It’s been virtually 1 12 months now since jOOQ 3.14 was launched in October 19, 2020 with SQL/JSON (and SQL/XML) assist. Half a 12 months later, we’ve launched jOOQ 3.15 with MULTISET
assist, which builds on prime of those options to supply type-safe nested collections, the best way each ORDBMS ought to implement them.
Constructing (dogfooding) on prime of our personal SQL/JSON API has revealed a whole lot of caveats of the assorted SQL/JSON implementations throughout distributors, and to be frank, it’s been a little bit of a sobering expertise. Regardless of there now being the ISO/IEC TR 19075:6 normal (largely pushed by Oracle this time), many distributors have already carried out some sort of JSON assist, and it seems in a different way in all dialects – to the extent the place writing vendor agnostic SQL/JSON is nearly not possible with hand written native SQL. You’ll want an API like jOOQ or every other abstraction to standardise the totally different dialects.
On this article, I’d wish to share just a few of the most important caveats encountered over the previous 12 months. There are lots of extra, simply attempt to translate some normal SQL/JSON to numerous dialects with jOOQ.
JSON Sort or String?
JSON paperwork might be seen as easy strings with formatted content material. Certain, I imply you’ll be able to parse a string right into a JSON doc, so why complicate the SQL sort system with new sorts?
Sadly, this proves to be a poor choice by most distributors. PostgreSQL obtained this proper by providing the JSON
and JSONB
sorts, the latter being fairly performant even when storing and indexing JSON paperwork.
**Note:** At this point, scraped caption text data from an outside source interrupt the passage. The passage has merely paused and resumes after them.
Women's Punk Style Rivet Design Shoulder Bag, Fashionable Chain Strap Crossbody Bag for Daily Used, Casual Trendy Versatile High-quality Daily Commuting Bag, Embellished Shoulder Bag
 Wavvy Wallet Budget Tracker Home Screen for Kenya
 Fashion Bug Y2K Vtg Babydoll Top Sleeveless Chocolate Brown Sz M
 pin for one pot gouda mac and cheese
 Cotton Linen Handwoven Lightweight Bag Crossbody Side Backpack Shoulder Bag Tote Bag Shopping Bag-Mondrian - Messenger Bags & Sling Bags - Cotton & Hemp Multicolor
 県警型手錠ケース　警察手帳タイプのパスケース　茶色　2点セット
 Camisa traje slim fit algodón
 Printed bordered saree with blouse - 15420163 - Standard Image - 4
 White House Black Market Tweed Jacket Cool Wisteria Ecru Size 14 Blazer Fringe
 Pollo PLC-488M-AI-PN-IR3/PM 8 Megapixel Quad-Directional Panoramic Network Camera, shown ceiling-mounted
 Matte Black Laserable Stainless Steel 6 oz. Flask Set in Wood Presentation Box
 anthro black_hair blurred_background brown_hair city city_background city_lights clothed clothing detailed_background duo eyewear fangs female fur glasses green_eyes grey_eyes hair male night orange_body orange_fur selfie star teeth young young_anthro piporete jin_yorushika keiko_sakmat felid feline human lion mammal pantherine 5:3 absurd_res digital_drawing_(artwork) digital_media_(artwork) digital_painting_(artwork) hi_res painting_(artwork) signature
First off, and this involves no shock to anybody working with virtually every other language than SQL: Varieties are semantic. Stringly typed environments are unhealthy. Or because the quote goes:
The Bitterness of Poor High quality Stays Lengthy After the Sweetness of Low Worth is Forgotten — Benjamin Franklin
With “Low Worth” being the low worth of the fast and soiled stringly-typed function addition with no formal sort. We already had this again and again with BOOLEAN
sorts, and dialects like MySQL that fake that supporting this can be a good thought:
SELECT *
FROM t
WHERE 1 OR 0 -- TRUE OR FALSE
Let’s take a look at examples of what I imply.
MariaDB and MySQL
Let’s take a look at MariaDB’s and MySQL’s syntax first. Right here’s create a JSON array:
Producing
[1, 2]
That’s nice! And it even conforms to plain SQL syntax. A JSON array may also be nested simply:
choose json_array(json_array(1, 2), 3)
To provide:
[[1, 2], 3]
Now, what if that nested array originates from a derived desk?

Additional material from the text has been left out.